* _Work task_:
Take the line that contains "Sechs Tennisbälle auf einem Tennisplatz" and each one after it through the last line below, and retype them exactly. Leave out the pictures.

********

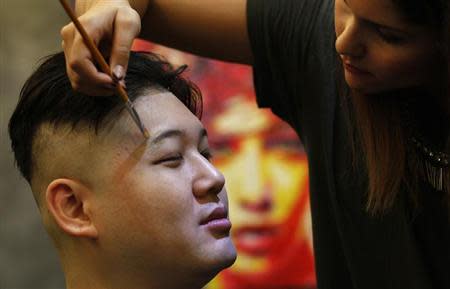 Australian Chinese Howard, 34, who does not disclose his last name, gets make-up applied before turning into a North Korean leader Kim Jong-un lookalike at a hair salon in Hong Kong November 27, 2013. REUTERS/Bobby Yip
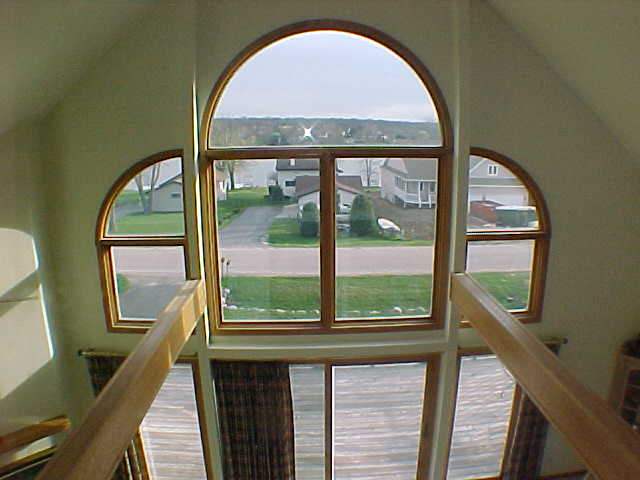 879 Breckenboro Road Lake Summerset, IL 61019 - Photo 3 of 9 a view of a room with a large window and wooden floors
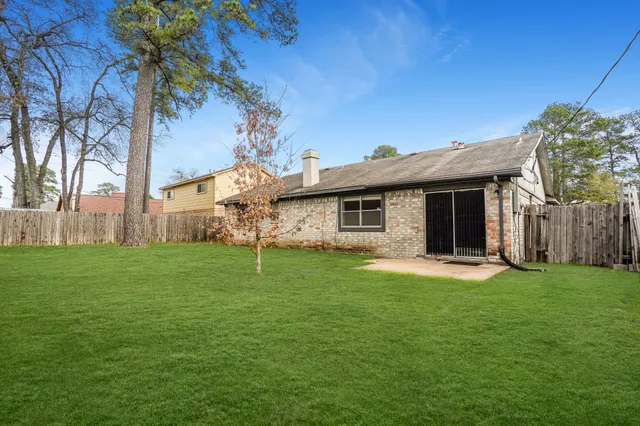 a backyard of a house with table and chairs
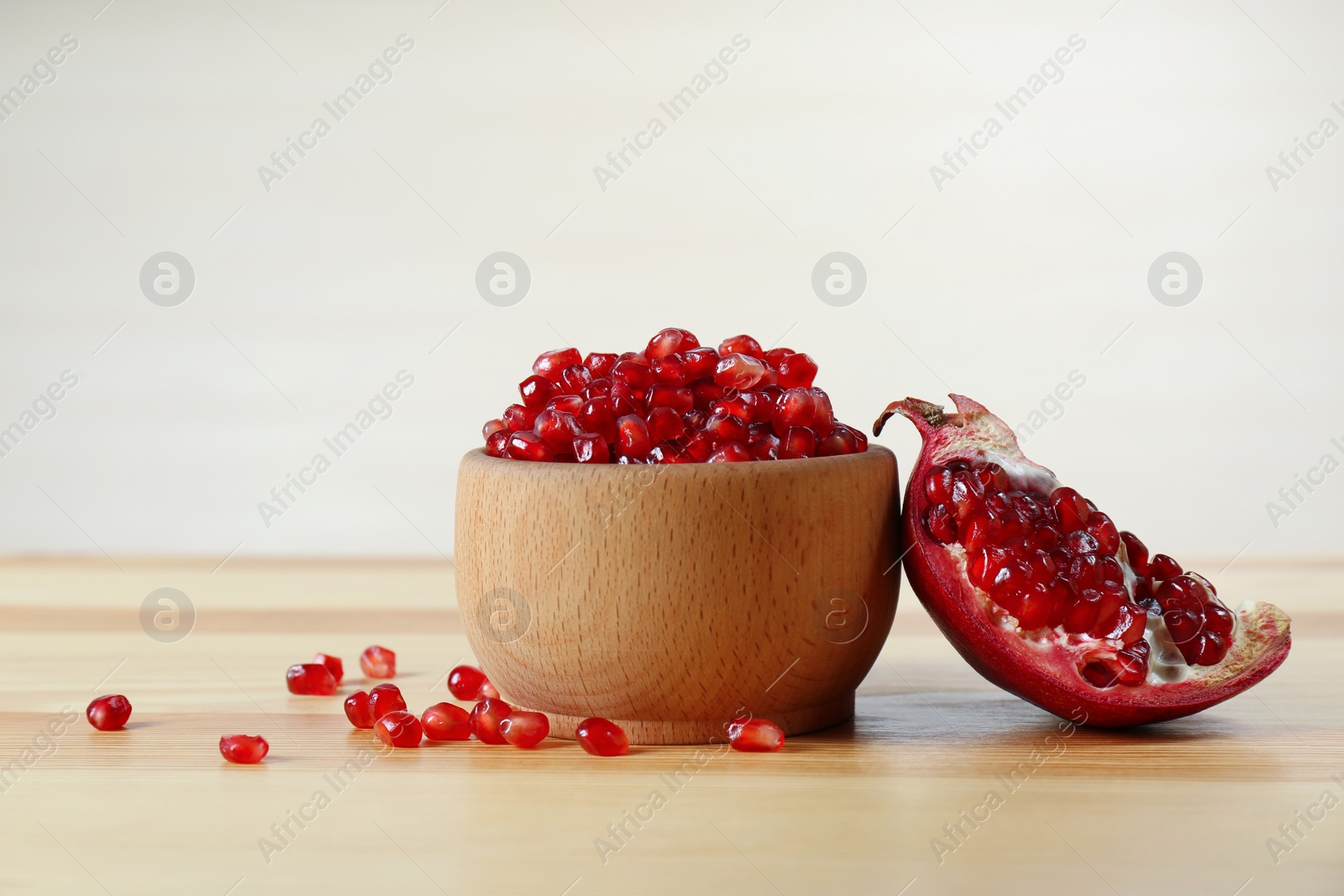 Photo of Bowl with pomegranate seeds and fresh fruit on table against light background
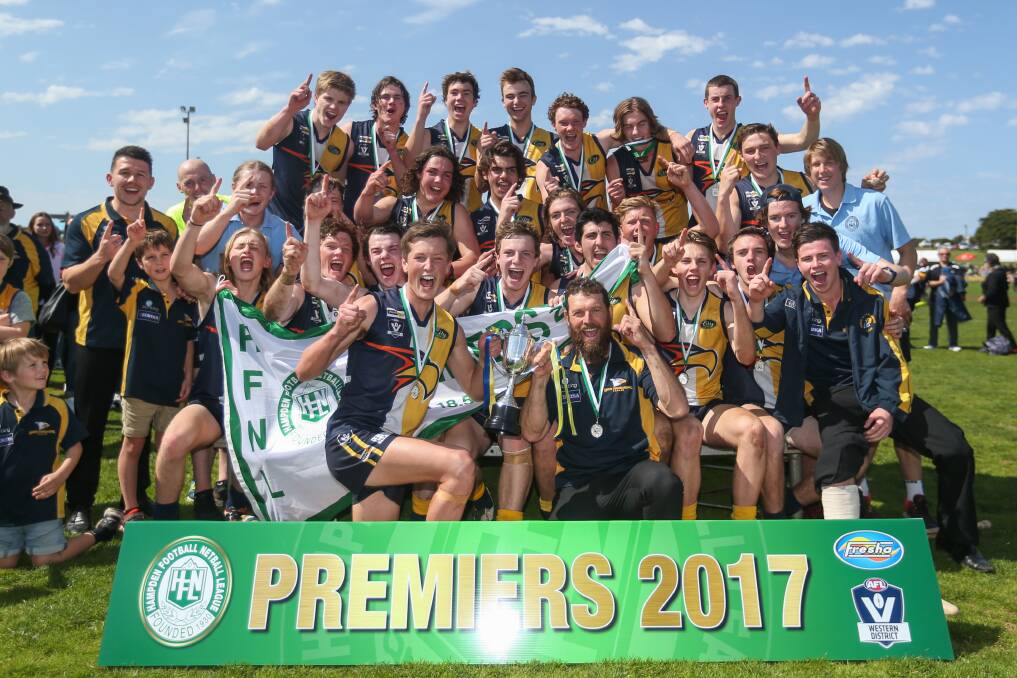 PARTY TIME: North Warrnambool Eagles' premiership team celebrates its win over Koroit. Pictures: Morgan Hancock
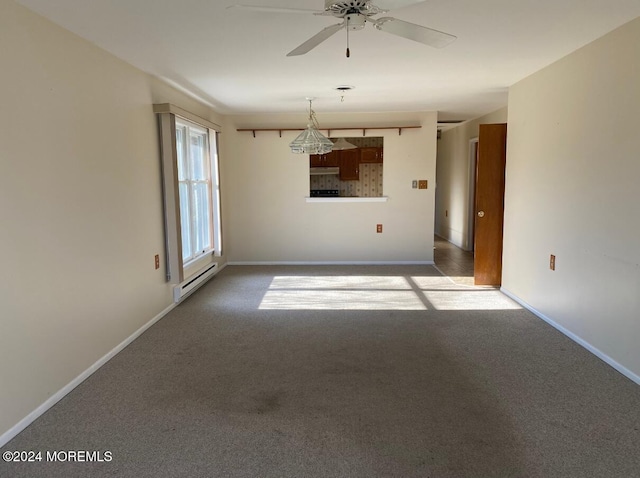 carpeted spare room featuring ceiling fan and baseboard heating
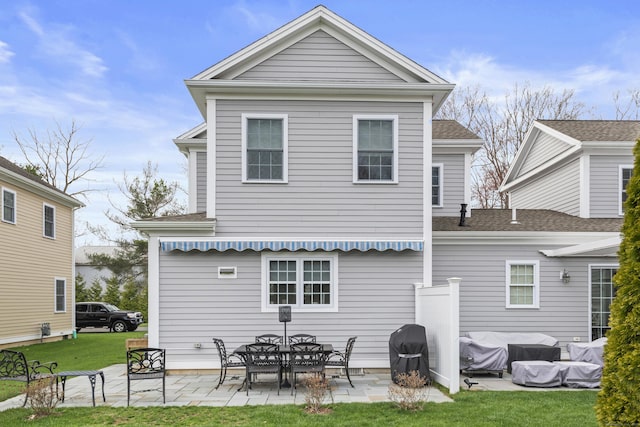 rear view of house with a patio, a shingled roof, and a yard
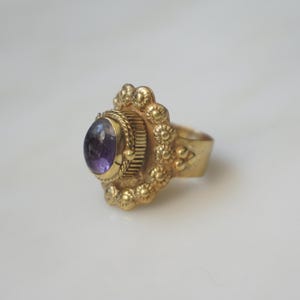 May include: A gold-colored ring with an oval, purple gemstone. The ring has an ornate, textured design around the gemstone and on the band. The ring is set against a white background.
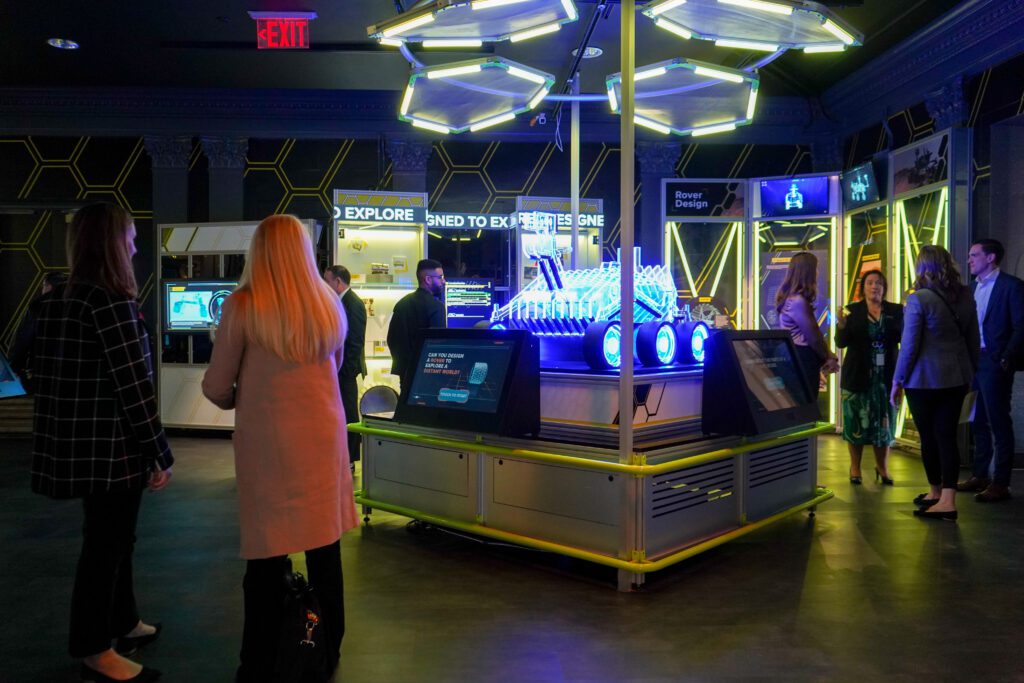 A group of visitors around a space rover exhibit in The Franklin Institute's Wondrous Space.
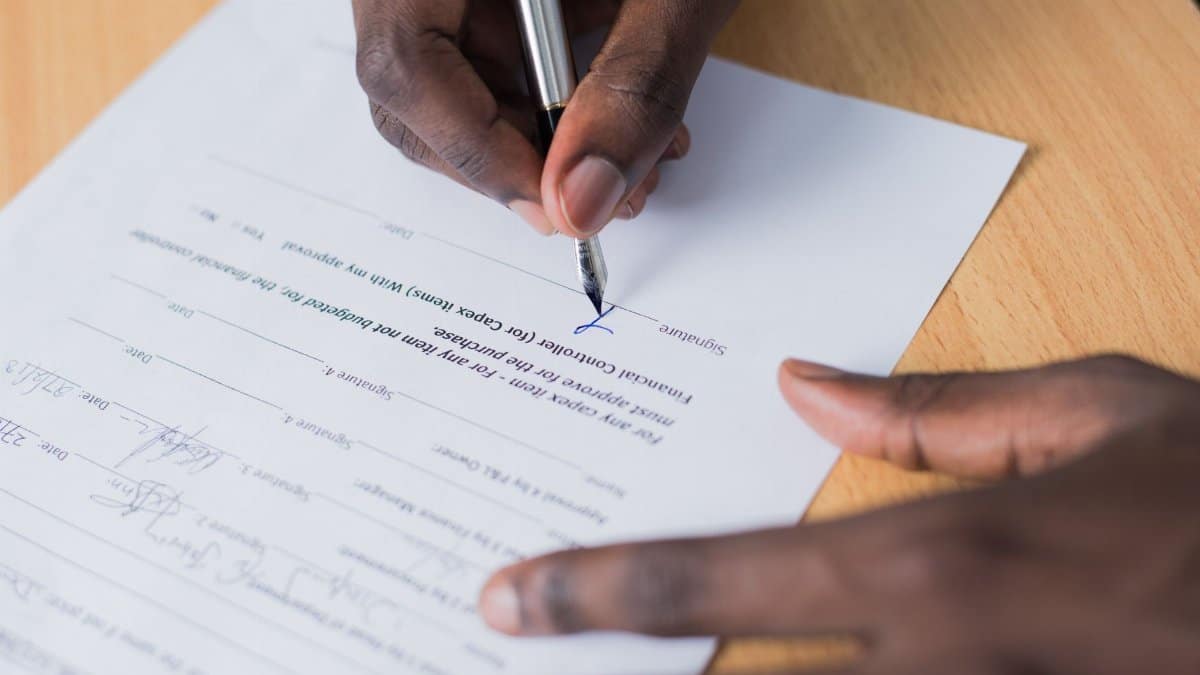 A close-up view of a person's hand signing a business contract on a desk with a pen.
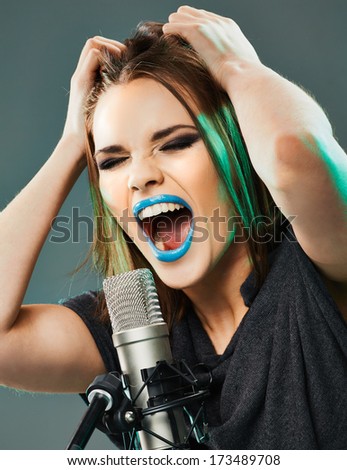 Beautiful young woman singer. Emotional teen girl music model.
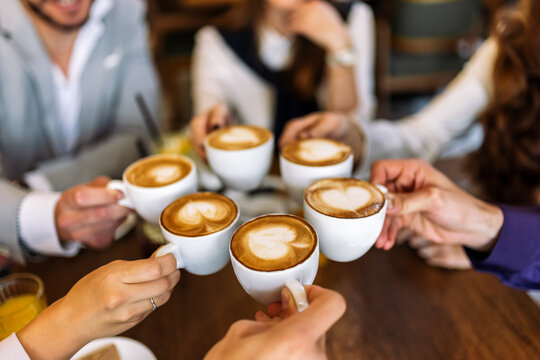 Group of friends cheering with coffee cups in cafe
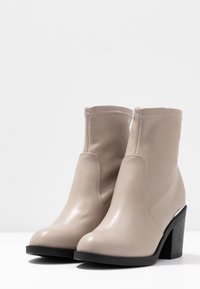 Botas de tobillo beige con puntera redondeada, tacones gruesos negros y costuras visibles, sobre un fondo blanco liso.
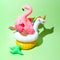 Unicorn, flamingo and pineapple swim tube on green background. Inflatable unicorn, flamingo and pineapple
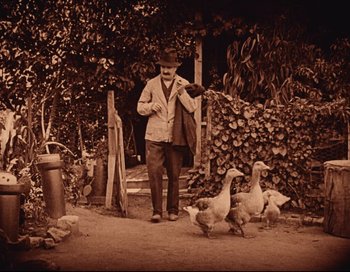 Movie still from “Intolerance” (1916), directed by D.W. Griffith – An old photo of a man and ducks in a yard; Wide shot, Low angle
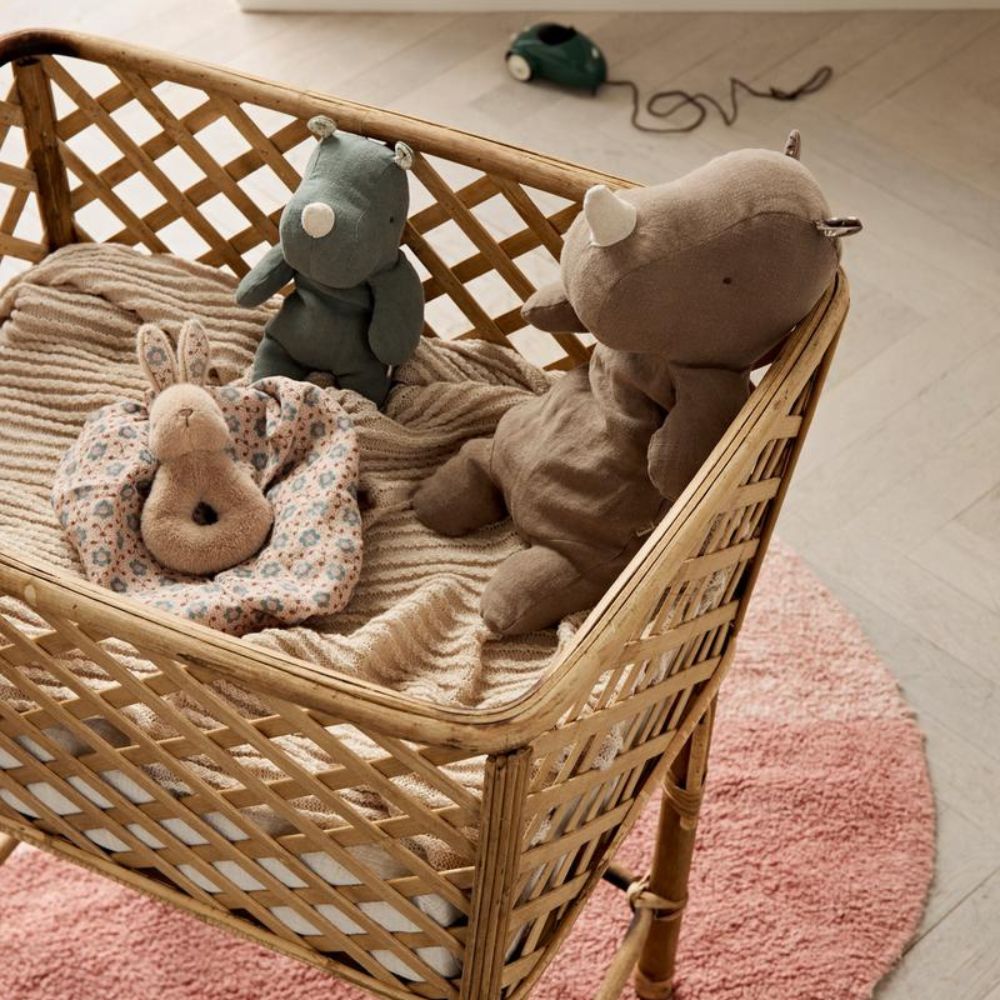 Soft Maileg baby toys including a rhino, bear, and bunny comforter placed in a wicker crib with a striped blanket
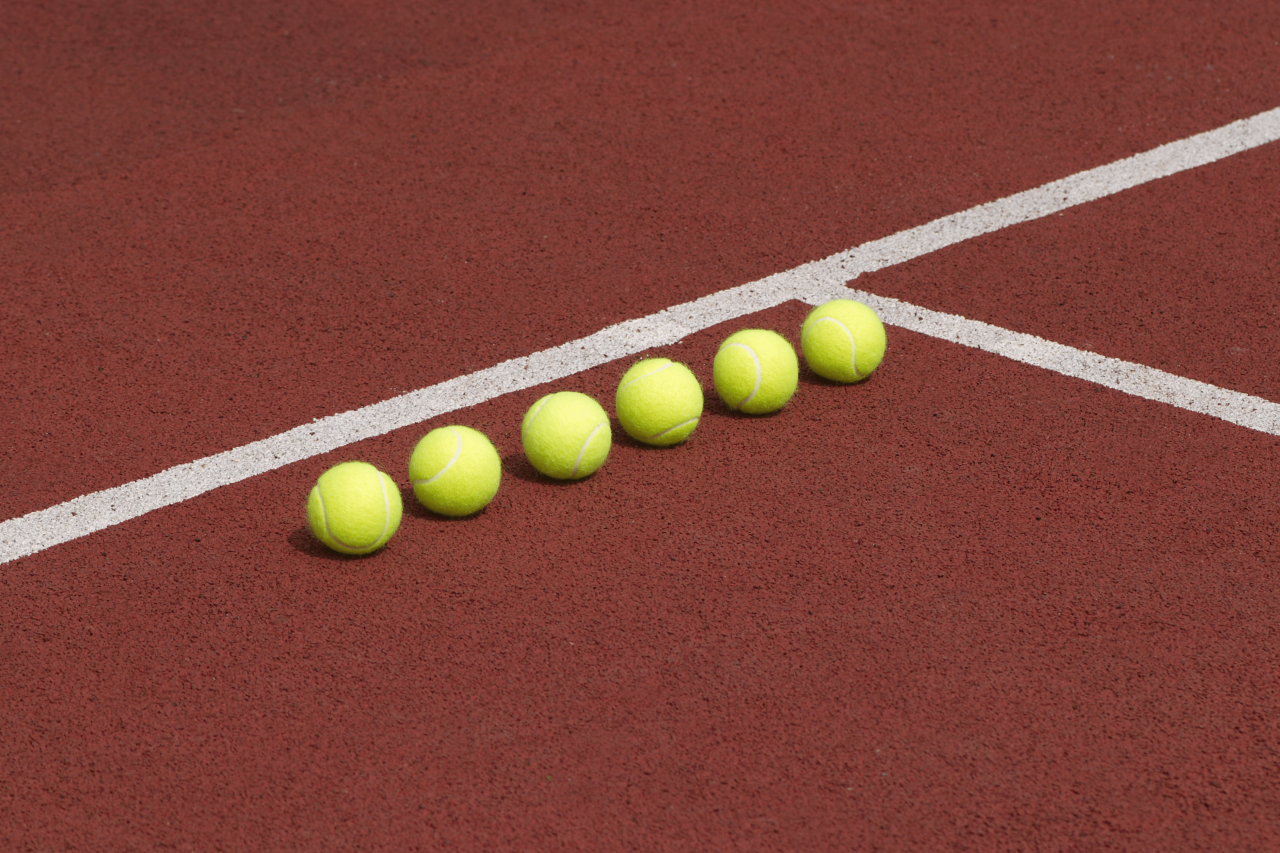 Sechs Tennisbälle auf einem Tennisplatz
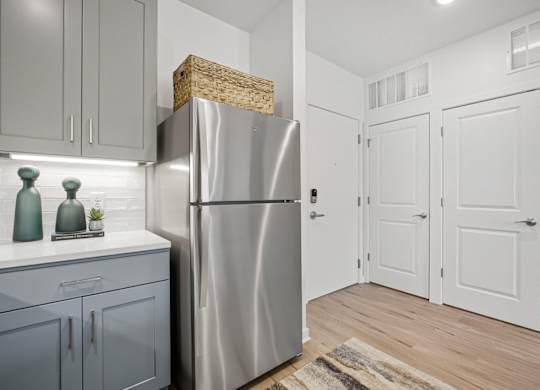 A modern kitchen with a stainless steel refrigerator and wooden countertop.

********

* _Problem solution_:
 Sechs Tennisbälle auf einem Tennisplatz
 A modern kitchen with a stainless steel refrigerator and wooden countertop.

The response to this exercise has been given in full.